1. Export the E01 to a raw file via `ewfexport -f raw -u`
2. Compare `EwfReader` bytes at 1 MiB stride + near-end against the raw file
3. Assert byte identity at every sampled offset

**Results:**
| Test | Status |
|------|--------|
| `corpus_exfat1_matches_ewfexport_raw` | PASS |
| `corpus_imageformat_mmls_1_matches_ewfexport_raw` | PASS |
| `corpus_nps_2010_emails_matches_ewfexport_raw` | PASS |

Tests skip automatically if `ewfexport` is not installed at `/usr/local/bin/ewfexport`.

## How to Reproduce

### Test fixtures (images 4-6)

Images 4-6 are committed in `tests/data/` and run automatically via `cargo test`.

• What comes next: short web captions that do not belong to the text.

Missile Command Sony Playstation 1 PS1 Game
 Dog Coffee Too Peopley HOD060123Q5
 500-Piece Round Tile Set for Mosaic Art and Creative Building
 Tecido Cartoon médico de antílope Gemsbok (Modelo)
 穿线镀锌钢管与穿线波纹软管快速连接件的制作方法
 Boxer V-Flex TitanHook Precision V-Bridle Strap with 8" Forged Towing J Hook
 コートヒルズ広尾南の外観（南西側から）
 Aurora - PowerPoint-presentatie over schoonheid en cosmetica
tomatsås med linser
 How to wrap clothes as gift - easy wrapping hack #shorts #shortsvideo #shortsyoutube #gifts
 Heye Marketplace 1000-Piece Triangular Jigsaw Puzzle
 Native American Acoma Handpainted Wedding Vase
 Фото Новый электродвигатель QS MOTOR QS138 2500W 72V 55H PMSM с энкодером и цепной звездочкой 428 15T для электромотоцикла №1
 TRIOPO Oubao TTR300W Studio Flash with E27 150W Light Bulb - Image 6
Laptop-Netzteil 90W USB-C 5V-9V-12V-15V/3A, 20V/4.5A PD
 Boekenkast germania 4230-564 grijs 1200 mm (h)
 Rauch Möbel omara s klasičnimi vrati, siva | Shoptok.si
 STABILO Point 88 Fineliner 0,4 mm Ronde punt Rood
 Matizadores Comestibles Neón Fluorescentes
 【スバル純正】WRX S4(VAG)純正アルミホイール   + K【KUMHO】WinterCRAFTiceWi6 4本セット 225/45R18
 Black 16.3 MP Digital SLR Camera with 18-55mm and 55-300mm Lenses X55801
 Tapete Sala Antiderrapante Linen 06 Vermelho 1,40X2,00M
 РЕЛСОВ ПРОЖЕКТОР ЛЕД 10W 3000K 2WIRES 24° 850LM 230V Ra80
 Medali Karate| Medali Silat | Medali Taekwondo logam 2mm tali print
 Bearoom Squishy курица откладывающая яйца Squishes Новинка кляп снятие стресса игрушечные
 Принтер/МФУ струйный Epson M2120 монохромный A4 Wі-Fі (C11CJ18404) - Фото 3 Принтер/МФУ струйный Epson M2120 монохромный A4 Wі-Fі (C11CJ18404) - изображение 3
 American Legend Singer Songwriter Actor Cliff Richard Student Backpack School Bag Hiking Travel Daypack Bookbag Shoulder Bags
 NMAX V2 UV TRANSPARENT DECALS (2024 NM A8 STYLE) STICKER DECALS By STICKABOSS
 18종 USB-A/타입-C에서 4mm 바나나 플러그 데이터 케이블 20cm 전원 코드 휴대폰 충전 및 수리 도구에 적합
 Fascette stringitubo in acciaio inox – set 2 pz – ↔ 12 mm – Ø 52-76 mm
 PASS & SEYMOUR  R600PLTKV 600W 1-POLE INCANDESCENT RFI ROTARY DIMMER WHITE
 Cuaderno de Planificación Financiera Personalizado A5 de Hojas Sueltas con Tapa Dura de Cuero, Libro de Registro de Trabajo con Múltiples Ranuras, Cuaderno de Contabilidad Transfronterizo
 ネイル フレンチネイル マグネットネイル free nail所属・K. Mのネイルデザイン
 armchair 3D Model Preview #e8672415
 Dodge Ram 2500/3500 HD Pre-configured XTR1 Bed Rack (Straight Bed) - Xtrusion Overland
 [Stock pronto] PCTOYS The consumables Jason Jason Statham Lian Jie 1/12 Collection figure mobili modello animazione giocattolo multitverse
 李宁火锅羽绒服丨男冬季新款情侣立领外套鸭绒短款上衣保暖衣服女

### Download large images (images 1-3)

```bash
# Szechuan Sauce (4 segments, ~6.4 GB total)
# Download from The Evidence Locker: https://theevidencelocker.github.io/

# MaxPowers C Drive (single segment, 29.4 GB)
curl -L -o MaxPowersCDrive.E01 \
  "https://www.dropbox.com/scl/fo/oqal4blnfi5vj4miof355/AP223ojh3w70febB3gAsKkM/MaxPowersCDrive.E01?rlkey=ogpdttfz3xzk8005r95gedgiw&e=1&dl=1"
md5 MaxPowersCDrive.E01  # expect BED3B3DDECE20D136A56AA653F0DE608

# PC-MUS-001 (single segment, 49 GB)
curl -L -o PC-MUS-001.E01 \
  "https://storage.googleapis.com/mvs-2023/PC-MUS-001.E01"
md5 PC-MUS-001.E01  # expect 8CF0C007391F4A72DDC12A570A115B46
```

### Generate reference hashes

```bash
# Full-media MD5 via Sleuth Kit
img_cat image.E01 | md5

# Full-media MD5 via libewf
ewfexport -t - -f raw -u image.E01 2>/dev/null | md5
```

### Run validation tests

```bash
cargo test --tests
```

## Summary

| Image | Format | Media Size | Full-media MD5 | ewf = libewf = TSK |
|-------|--------|------------|----------------|---------------------|
| Szechuan Sauce | EWF v1, 4 segments | 15.0 GiB | `bcd3aef...` | Yes |
| MaxPowers | linen 5, 1 segment | 50.0 GiB | `10c1fbc...` | Yes |
| PC-MUS-001 | EnCase 6, 1 segment | 238.5 GiB | `522df9d...` | Yes |
| exfat1 | EnCase 6, compressed | 95 MiB | `0777ee9...` | Yes |
| imageformat_mmls_1 | FTK Imager, uncompressed | 60 MiB | `8ec671e...` | Yes |
| nps-2010-emails | EnCase 6, compressed | 10 MiB | `7dae50c...` | Yes |

The `ewf` crate produces bit-identical output to both libewf and The Sleuth Kit across all 6 images (303+ GiB of tested media). Images 4-6 are committed as test fixtures and run in CI.